This year isn’t looking so hot for the oilfield services business, but Weatherford International CEO Girish Saligram likes how the next few years are shaping up.

Weatherford CEO: Rocky Offshore Market to Rebound in 2026
Weatherford CEO Girish Saligram says the oilfield services industry is better prepared for a downturn today than in the past.
(Source: Weatherford)

Today's market is “categorized by a lot of uncertainty, a lot of volatility, and it’s very different depending on geography, depending on certain segments of the market,” he said May 5 at the Offshore Technology Conference in Houston. “Obviously commodity prices have led the way with a significant reduction in crude prices over the past year and especially in the past few weeks.”

The trade war that began in early April, when President Donald Trump imposed tariffs on almost every other country in the world, has dominated much of the industry’s 2025 calculus. Tensions between China and the U.S. are escalating, and most goods between the two nations are facing tariffs well in excess of 100%. OPEC’s decision to increase crude production has helped drive futures below $60/bbl and exacerbated concerns about market volatility.

"We've seen recessionary forces that are driving demand down and then of course the elephant in the room is the trade war, which is a big question mark more than anything else today,” Saligram said. "Not a great story, but still a market that has pockets of growth—offshore actually being one of the most resilient ones—and we see a very strong, very positive outlook for 2026 and 2027 as we look at those markets.”

Brazil, the Middle East and Asia have performed strongly this year, and “that continues to give us strength and confidence in the longer-term nature of the market,” he said. “I believe over the next few years we will see a strong, resilient, robust offshore market.
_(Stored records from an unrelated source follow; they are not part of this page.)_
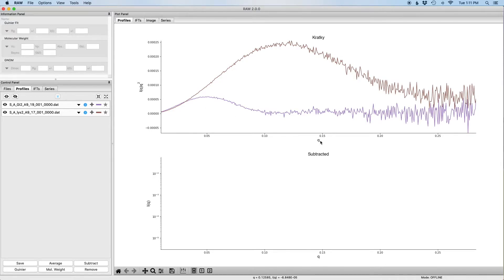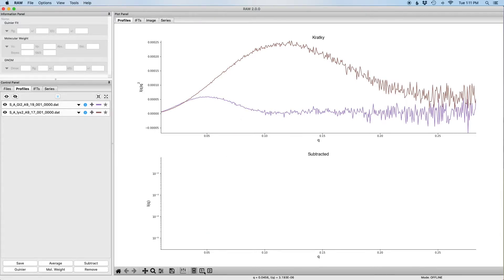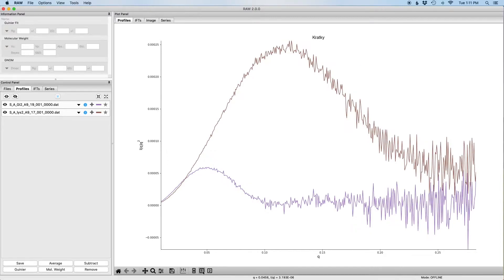So Kratky plot plots I times Q squared versus Q. To make this a little bit easier to see what's going on, the other thing I can do is show only the top plot on the screen. So if I go down to the bottom bar here you can see currently it's on one two, we're showing both plots. I'm just going to click on one which is going to show the top plot.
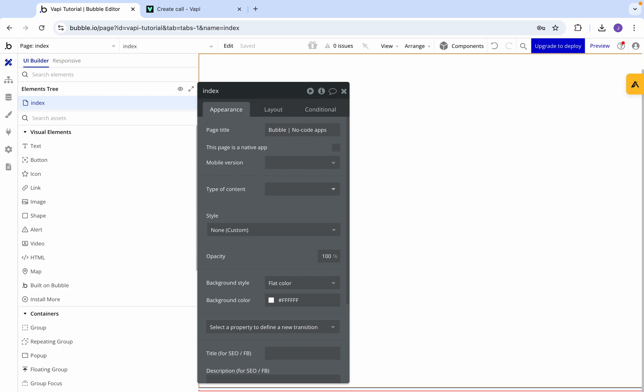Welcome back to another Qlik tutorial. My name is Jasper and I'm the CTO here at Qliked. What we're going to be doing today is connecting Vapi AI API to Bubble, allowing you to make calls through Vapi AI using your Bubble application.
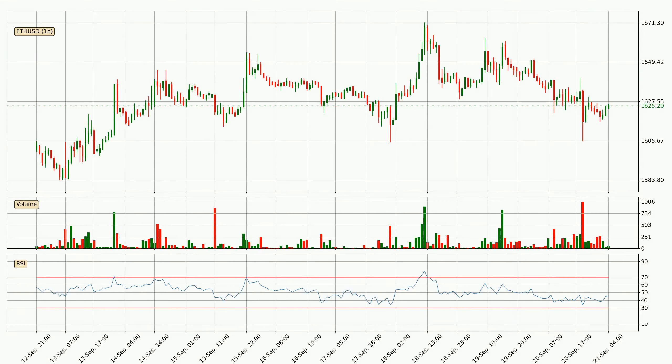Looking at the hourly relative strength index, the current hourly RSI is at 46, so it doesn't show signs of overbought or oversold conditions at this point.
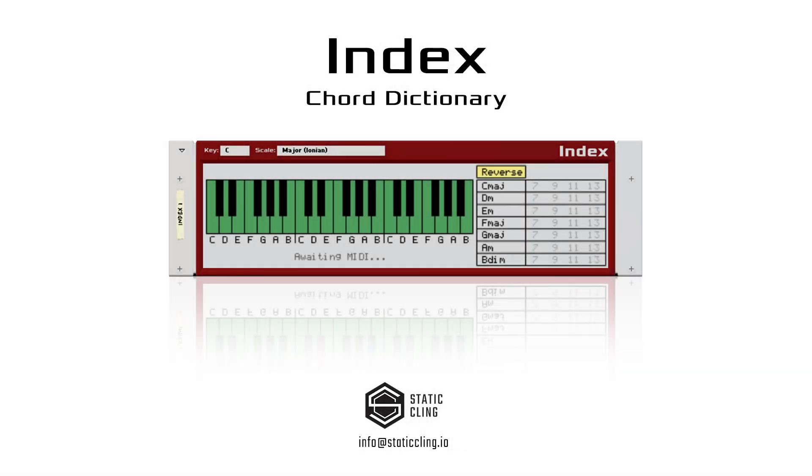Hey guys, today I'd like to introduce Staticling's second rack extension, Index. Index is a simple yet powerful rack extension for discovering and exploring chords and chord progressions. I call it a chord dictionary, and with its two novel methods for looking up chords, it is sure to be an invaluable tool for all aspiring songwriters and keyboardists.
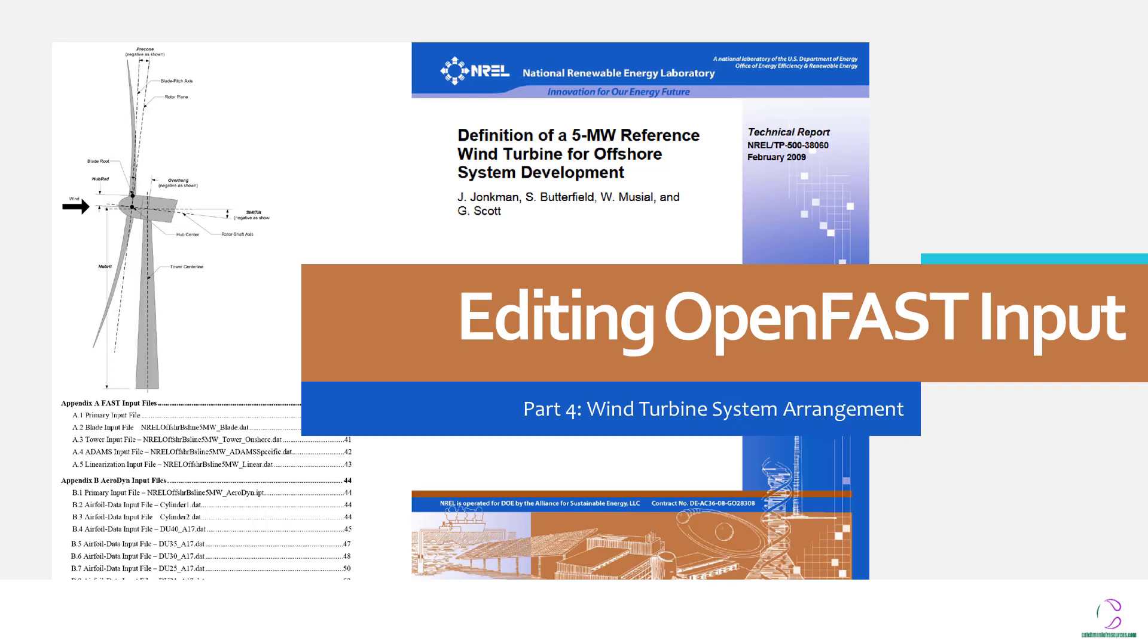Hi there and welcome to Catchment of Resources. This is Viro. This is part of the video series on OpenFast. This is part four.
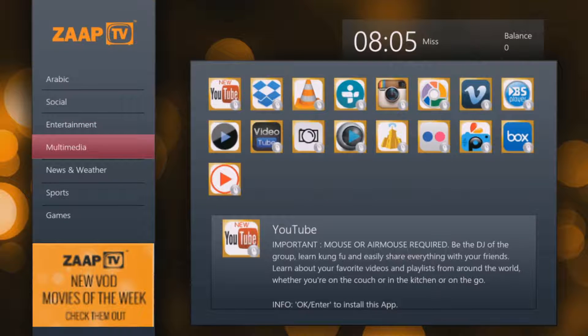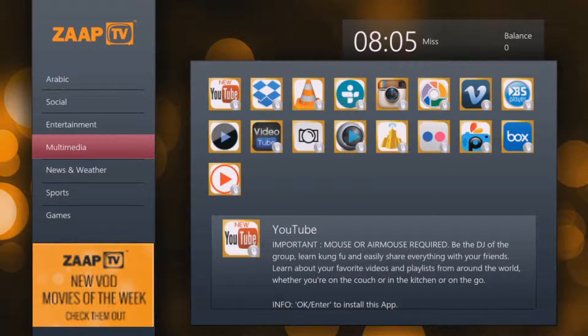Going down to multimedia, this is where you're going to get some other apps that you can play your videos with, or even watch YouTube videos and Instagram.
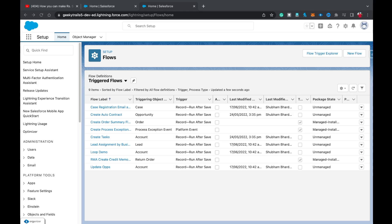Hello guys, welcome back to another video on the Salesforce Geek channel. In this video we are going to see how you can update related records using Salesforce Flow. I watched a lot of videos on YouTube but they didn't teach the updated or advanced version of updating related records. So just stay with the video and let's get started.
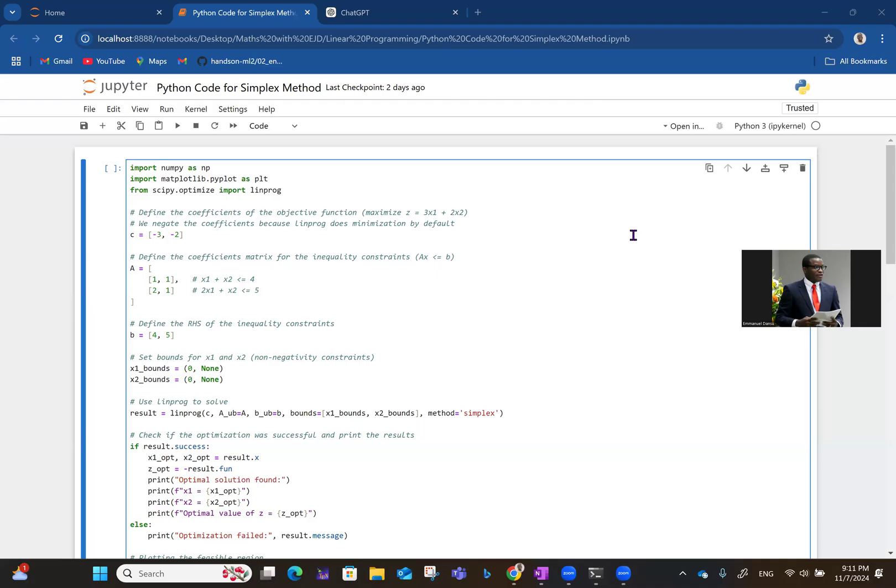Hello, welcome to Math with EJD. In the previous video, I showed you step by step how to use simplex method to solve a particular problem. In this video, I'm showing you two different samples of Python codes you can use to solve the same problem and get the same result.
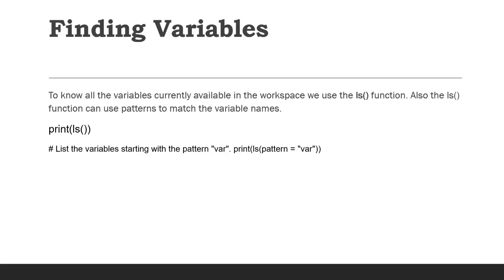One more thing: if you want to know what are the different variables that you have created so far, then you can use the ls() function here.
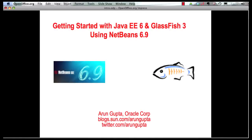Hello, my name is Arun Gupta and I work for Oracle.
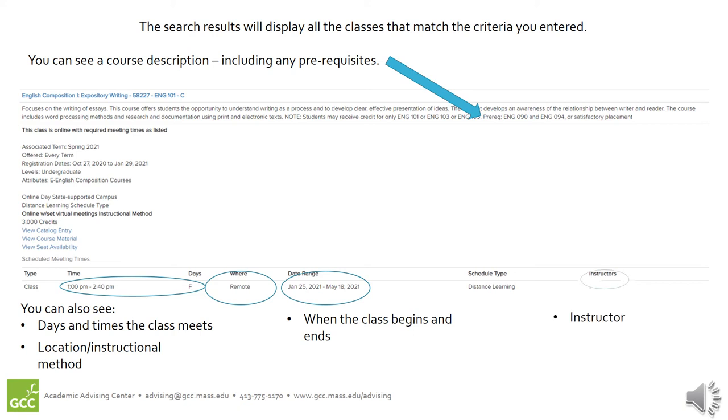The instructor of the class will also be listed. You might see GCC staff here if an instructor has not yet been assigned. You can keep checking back to look for a specific name.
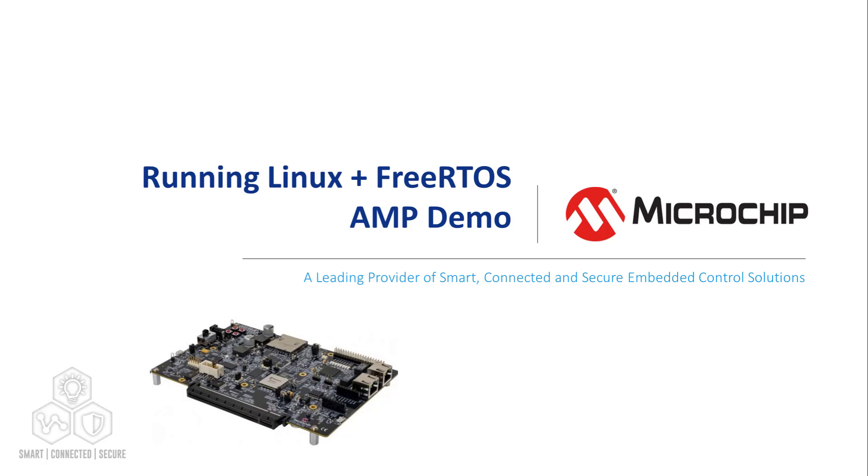In this video, we are going to run the Linux and FreeRTOS AMP demo we just built using Yocto on an icicle kit.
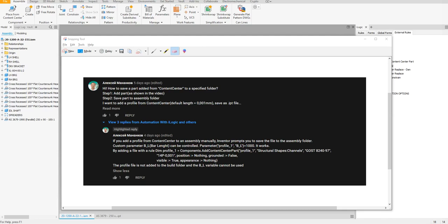Hey everyone, welcome back to another iLogic video. Today I want to answer a question from one of my subscribers. He's asking how to place a part from Content Center and be able to modify that part. If you've ever worked with Content Center parts, you might know that those files are kind of set in stone.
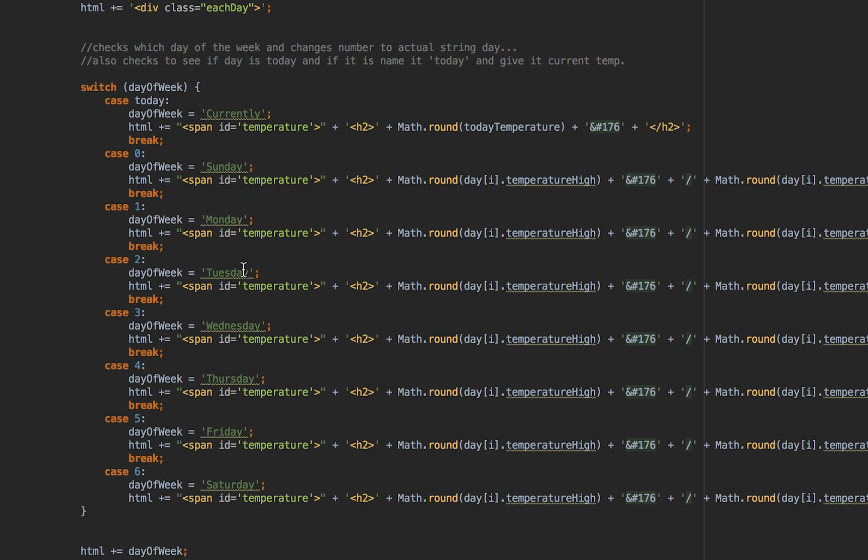If the day of the week is currently, which is today, then it will update in terms of our HTML and our UI and it will say today this is the weather.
We’ve seen a little bit of a lull in 2025 in a few pockets, but I think that’s a temporary blip.”

Saligram said the business is better prepared for a downturn than it was for the previous one.

“The industry’s been very disciplined and not built out a whole ton of excess capacity,” he said. “For way too long, industry has operated with this paradigm of when prices go high, we can claw back a little bit of pricing, but the moment they start to retreat, oh boy, get ready for the discount letters. That’s no way to run an industry.”

For Weatherford specifically, Saligram said the company’s position behind the Big Three— SLB, Baker Hughes and Halliburton—pushes it to find ways to distinguish itself.

“We differentiate mostly through our technology but also through the people who drive that technology,” he said. “We’re a much smaller company than the Big Three, but we have a broad enough spectrum of services and products that we can go toe-to-toe on most things and offer fully integrated contracts.”

In April, Weatherford and AIQ, an artificial intelligence company based in Abu Dhabi, signed a collaboration agreement. They plan to integrate Weatherford’s hardware and software with AIQ’s AI-driven systems. Saligram said it’s the beginning of a three-part plan.

First, the company is completely refreshing its enterprise resource planning systems over the next three to four years. Second, it’s embedding AI into its external systems for customers, with specific emphasis on safety. Third, it’s building on last year’s acquisition of Datagration Solutions to expand its digital transformation capabilities.

"Ultimately this is to say we've got a way that we can integrate digital AI into the offerings so that we can again deliver more value,” he said. “People are very smart. They're not going to pay for buzzwords.”